Per Takegami è molto importante che il caso e il destino giochino la loro parte: egli non desidera creare opere con precisione millimetrica, anzi cerca sempre la bellezza dell’imperfezione, dell’ignoto, quel senso di smarrimento che in un dolce paesaggio porta ad un brivido o ad una sensazione di “rischio”. Anche se la scena raffigurata appare come semplice e pacifica, in realtà vuole simulare una caduta, anche in figurata, dopo la quale ci si trova di in una situazione-paesaggio che non avevamo mai visto, mai vissuto. In momenti tristi o difficili, un’opera d’arte può trasmettere un messaggio che non ha un’unica modalità di lettura. Ciascuno è invitato ad interpretare l’opera con la propria chiave, con genuinità ed onestà. Secondo l’artista, anche il paesaggio più semplice trasmette qualcosa, come la linea d’orizzonte dell’oceano che ha per lui un peso enormemente importante, è la sorgente dell’emozione dalla più triste alla più serena. «Mi ci perdo e mi ci ritrovo, è la mia casa».

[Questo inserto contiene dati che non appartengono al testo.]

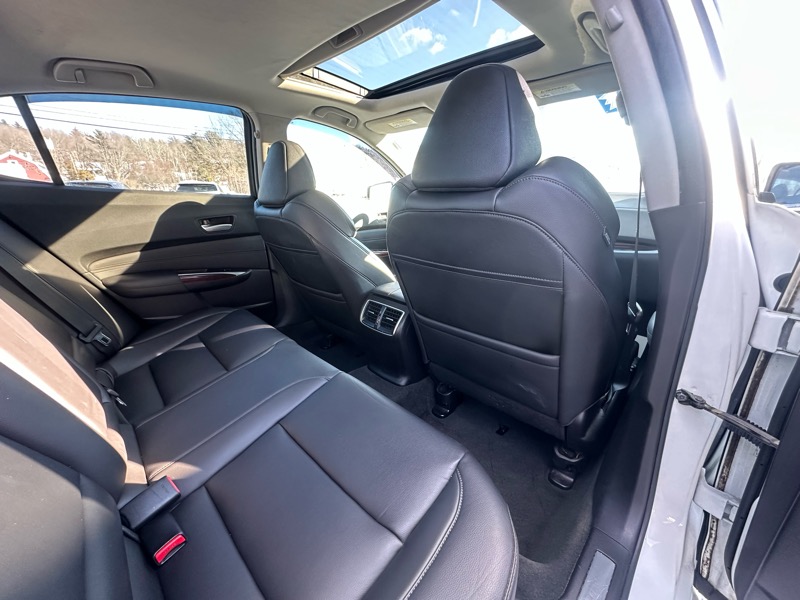 Acura TLX 9-Spd AT 2016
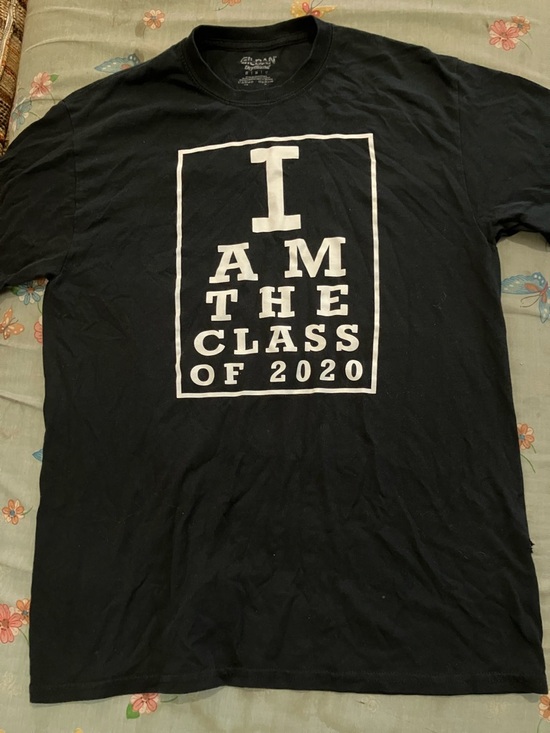 Gildan Tops - Gildan Black Crewneck Graphic Tee with White Printed Tag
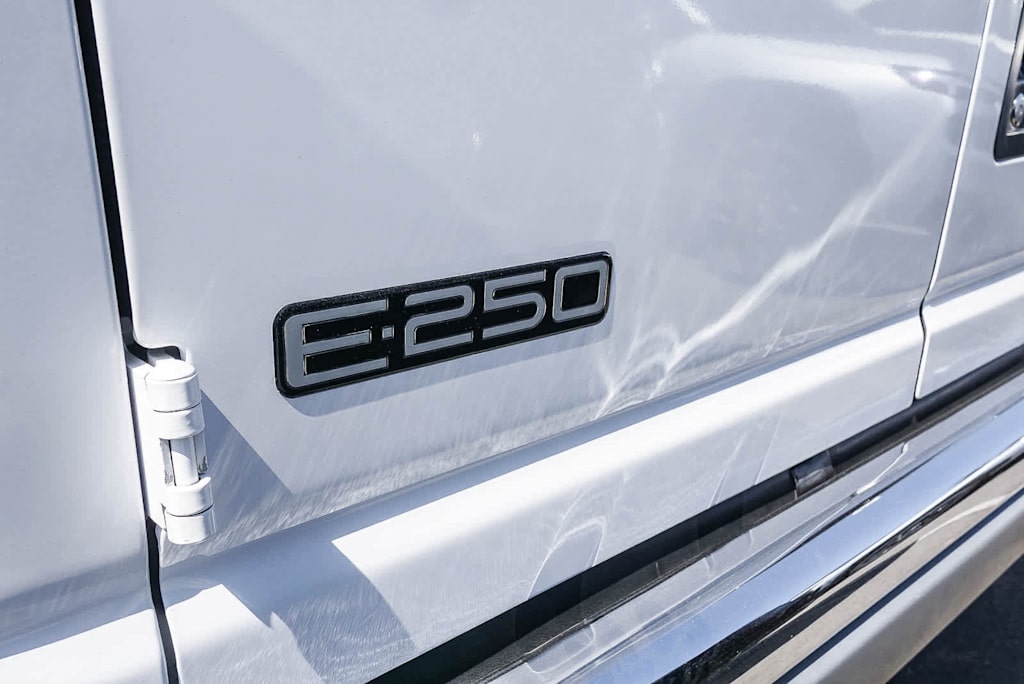 Thumbnail: 1999 Ford Econoline - 20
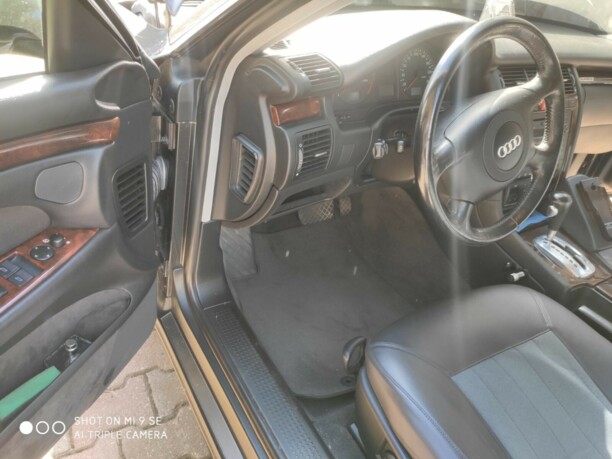 Audi A8 D2, 2000 г.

Verticalmente seguendo con lo sguardo rami ed alberi, orizzontalmente guardando il mare e le onde, possiamo arrivare a toccare il cielo. Questi elementi della natura ci portano a considerare come sacri i nostri spazi vitali e a pensare alla meraviglia e allo stupore nelle cose essenziali e negli affetti che ci circondano. Mare ed alberi sono spesso temi delle opere di Takegami: sono presenze semplici ma nel contempo complesse, trasmettono un senso di ora e sempre, sono al di sopra di noi umani, delle nostre elucubrazioni e dei nostri interventi di antropizzazione.
Nella produzione di Takegami ritroviamo opere dove appaiono persone nel contesto di un paesaggio. Per l’artista, le persone, i visi, le sagome, sono parte del paesaggio e quindi costituiscono un elemento del paesaggio o addirittura, sono paesaggio stesso. Il paesaggio raffigurato è spesso un luogo dell’anima dell’artista ed è potenzialmente ovunque. La persona nell’opera, solitamente in posizione marginale e di spalle, è un essere vivente universale, non per forza una persona specifica, che assapora quello spazio in un momento della sua esistenza in un moto d’animo del suo vissuto, piacevole o triste che sia, di oggi, domani o dei tempi passati.
Per quanto riguarda la composizione delle tele e dei disegni, da sempre Takegami mostra attrazione verso il dittico ed il polittico, scoperti da giovane durante la visita di chiese e musei in Italia ed Europa. A partire dagli anni 2000, egli prova a suddividere un’opera in dittico o polittico, trovandolo uno strumento compositivo estremamente vicino alle sue necessità espressive. Nella sua concezione, dittici e polittici simboleggiano parti distinte di una stessa storia, nella quale l’attenzione dello spettatore abbia la possibilità di posarsi sia sull’insieme dell’opera sia su ogni singola parte. Sebbene tra gli elementi che compongono il complesso dell’opera ci sia un’interruzione di spazio, ciò costituisce un respiro che crea un dialogo, un collante che completa il messaggio nascente dall’unione delle parti.
L’arte di Takegami vuole essere una forma espressiva che, attraverso l’esperienza del singolo, consenta di esprimere un sentito, un vissuto da condividere con le altre persone, diventando in qualche modo universale. Un dolce e amaro abbraccio dell’anima, un ponte tra chi produce e chi gode l’opera, note colorate che fanno vibrare i ricordi, una finestra di stupore e di riflessione sulle fragilità e potenzialità dell’uomo che vive la sua piccola grande vita nel mondo.